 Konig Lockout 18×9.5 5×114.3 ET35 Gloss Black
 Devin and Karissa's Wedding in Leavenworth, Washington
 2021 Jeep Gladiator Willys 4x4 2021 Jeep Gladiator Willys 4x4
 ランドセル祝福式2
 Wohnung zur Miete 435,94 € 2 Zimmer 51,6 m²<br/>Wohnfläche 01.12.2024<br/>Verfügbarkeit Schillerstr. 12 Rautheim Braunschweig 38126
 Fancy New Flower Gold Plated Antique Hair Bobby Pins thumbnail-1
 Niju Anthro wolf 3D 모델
...
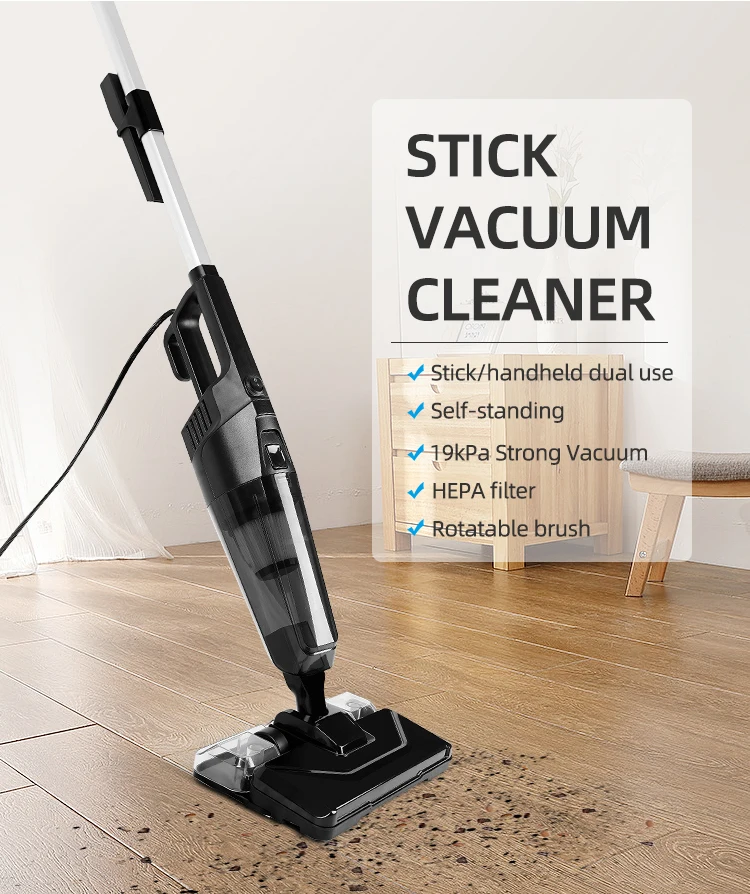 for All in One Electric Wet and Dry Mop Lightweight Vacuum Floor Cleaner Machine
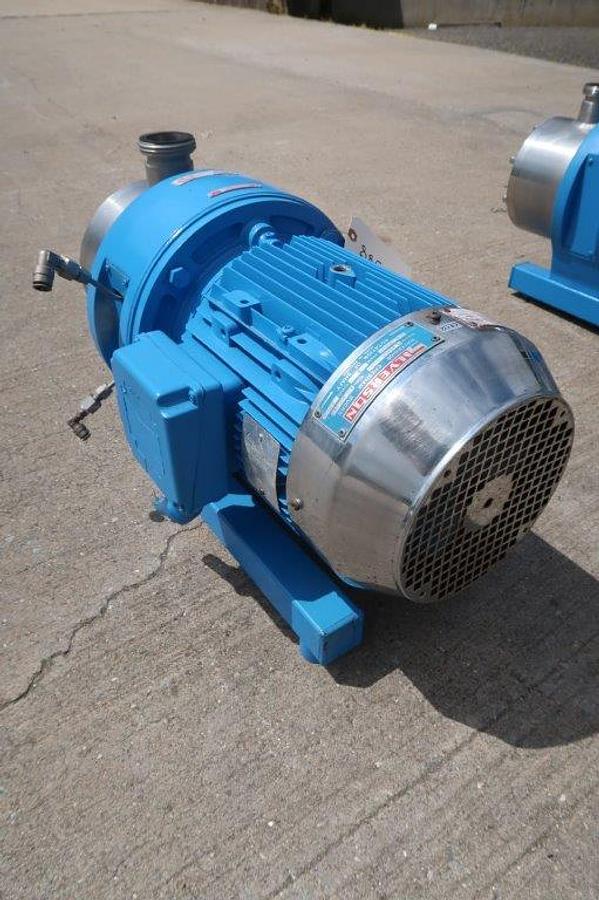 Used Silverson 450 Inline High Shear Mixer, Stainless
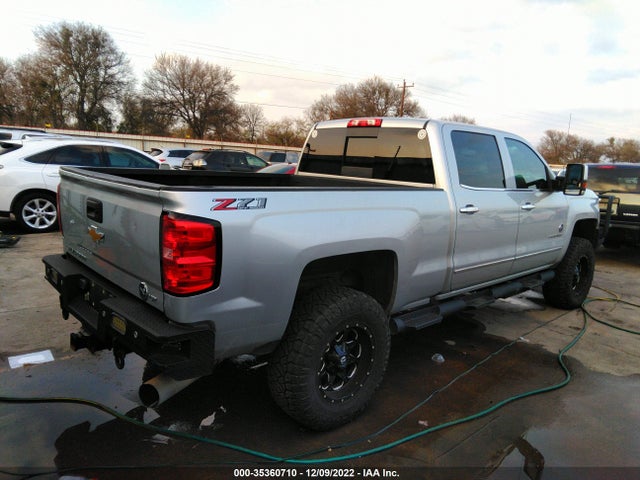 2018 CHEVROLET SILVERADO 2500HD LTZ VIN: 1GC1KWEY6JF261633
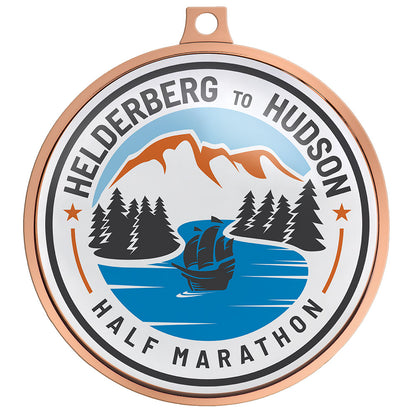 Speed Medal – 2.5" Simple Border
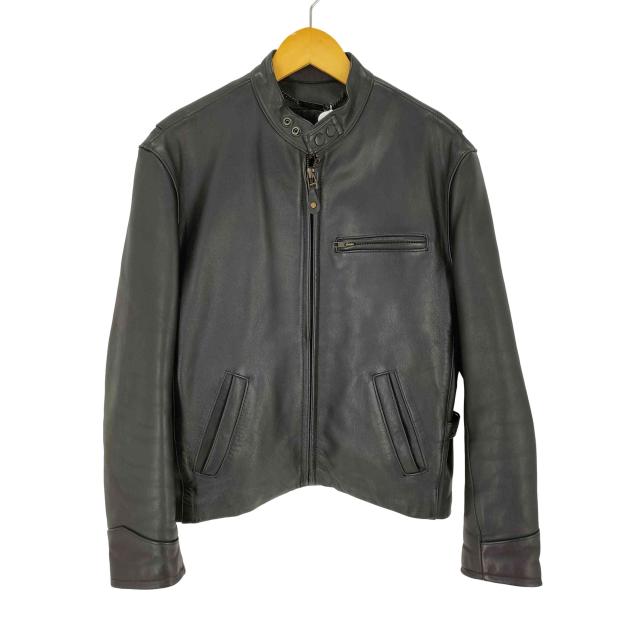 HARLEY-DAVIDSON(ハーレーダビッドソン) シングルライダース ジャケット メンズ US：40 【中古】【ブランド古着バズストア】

(YOUR OBJECTIVE) Please repeat the lines of the material above exactly, starting with the line that contains "for All in One" and ending with the line that contains "HARLEY-DAVIDSON(ハーレーダビッドソン) シングルライダース ジャケット". Leave the pictures out.

(RESPONSE TO THIS TASK)
 for All in One Electric Wet and Dry Mop Lightweight Vacuum Floor Cleaner Machine
 Used Silverson 450 Inline High Shear Mixer, Stainless
 2018 CHEVROLET SILVERADO 2500HD LTZ VIN: 1GC1KWEY6JF261633
 Speed Medal – 2.5" Simple Border
 HARLEY-DAVIDSON(ハーレーダビッドソン) シングルライダース ジャケット メンズ US：40 【中古】【ブランド古着バズストア】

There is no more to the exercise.